Hello Jinghua,
Now you did correct test, and as I suspected in my first reply
one of your machines performs bad, as they should render same
amount of data, but the data should be different for different
machines.
Regarding this difference, when you use range [0 0.25], I could
suspect following:
1) 3D textures should have size of power of 2, so if you give
size which is not it will be padded to power of 2 and some
space on your graphics card is wasted.
2) eVolve creates small borders of 1-2 voxels on the edges
between two slabs of volume for correct blending between
slabs.
Form 1) and 2) - if your [0 0.25] is exactly power of 2, 3D
texture will be actually much bigger (twice in fact) because of
the border and that texture overkill.

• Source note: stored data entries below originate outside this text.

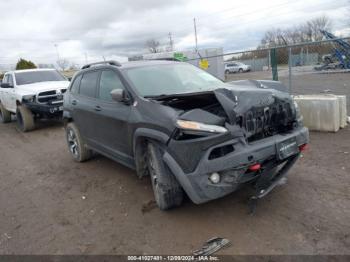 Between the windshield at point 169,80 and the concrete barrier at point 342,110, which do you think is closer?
the windshield at point 169,80

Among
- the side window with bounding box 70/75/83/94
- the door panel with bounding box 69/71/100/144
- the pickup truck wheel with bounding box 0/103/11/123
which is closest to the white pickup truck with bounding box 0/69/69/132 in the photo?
the pickup truck wheel with bounding box 0/103/11/123

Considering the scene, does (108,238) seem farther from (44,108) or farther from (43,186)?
(44,108)

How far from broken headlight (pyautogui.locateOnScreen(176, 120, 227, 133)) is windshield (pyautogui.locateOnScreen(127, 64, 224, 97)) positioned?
3.13ft

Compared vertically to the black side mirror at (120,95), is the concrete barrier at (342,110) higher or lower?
lower

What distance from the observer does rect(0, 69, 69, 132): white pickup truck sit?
928 centimetres

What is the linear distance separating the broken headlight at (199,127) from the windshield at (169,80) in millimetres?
955

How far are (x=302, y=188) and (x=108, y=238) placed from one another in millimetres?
2501

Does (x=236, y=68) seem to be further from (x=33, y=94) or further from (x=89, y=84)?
(x=89, y=84)

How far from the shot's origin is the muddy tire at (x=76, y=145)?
18.8 ft

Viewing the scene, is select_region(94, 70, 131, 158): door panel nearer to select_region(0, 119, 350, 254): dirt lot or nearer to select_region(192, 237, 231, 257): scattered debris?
select_region(0, 119, 350, 254): dirt lot

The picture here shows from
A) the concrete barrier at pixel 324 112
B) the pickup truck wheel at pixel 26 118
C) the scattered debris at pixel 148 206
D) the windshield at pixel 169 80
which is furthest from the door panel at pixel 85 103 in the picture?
the pickup truck wheel at pixel 26 118

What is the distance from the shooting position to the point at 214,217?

When you render it as
range [0 1] it fits perfectly on GPU and renders faster because
borders are not added. If this is the case - simple solution
would be to render a bit smaller total volume, taking in to
account these borders.
Check from the source code which borders there are added and
try to render slightly smaller volume than exact power of 2
(or use smaller ranges, say [0 0.248] or so).
Best regards,
Makhinya Maxim
On Feb 18, 2009, at 3:18 PM, jinghua wrote:
>
> Dear Maxim and Stefan,
>
> I am doing tests today, and found out sth. which I believe is my
> problem.
>
> When I do 1 node test, I used to change the .vhf file d value to be
> 256. (I
> change d=2048 for 8 node test and d = 1024 for 4 node test)
>
> w=1024
> h=1024
> d=256
>
> and in my config file the range is [0 1]
>
> It renders at 16 fps.
>
> But today I decided that I don't want to change the .vhf file all
> the time,
> instead I change the config file. So I set d=1024 in .vhf file. For
> 4 node
> test, each node get range [0, 0.25], [0.25 0.5], [0.5, 0.75], [0.75,
> 1.0].
> With no compund it renders at 6.7 fps. Then I did the 1 node test,
> where the
> range I set as [0 0.25]. it also renders at 6.7 fps!
>
> So that must be the problem right? I am checking my rawVolModel.cpp
> file
> now, see if I did something when loading the data (I don't believe
> so tho).
> Why setting the range to be [0. 0.25] make the 1 node render slow?
>
> Yesterday I sent this post with two attachments of the 4 node and 1
> node
> statistics screenshots. Somehow it didn't get through. This time I am
> omitting the attachment.
>
> Thanks!
>
> Jinghua
>
>
>
> Maxim Makhinya wrote:
>>
>>
>> Hello Jinghua,
>>
>> Your config file seem to be right, there should be no additional
>> transfers as long as you don't have any input-output frames.
>>
>> Do you have your data locally cached? Do you load it only once
>> per-node? Might be a silly question, but, are you using
>> CXXFLAGS=-O to compile it in release not debug? =)
>>
>> What you can do else is:
>>
>> 1) check what rendering statistics show:
>> http://www.equalizergraphics.com/documents/design/statisticsOverlay.html
>> (triggered by 's' key, in eVolve and eqPly; one of your nodes
>> should be
>> described as appNode in config file, see "2-node.DB.eqc" example)
>>
>> 2) try "latancy 2" on 3 in your config{ } file
>> http://www.equalizergraphics.com/documents/design/fileFormat.html
>>
>> 3) try to render very small portion of your data "range [ 0 .
>> 001 ]", or
>> something like that, to check equalizer's overhead for your setup.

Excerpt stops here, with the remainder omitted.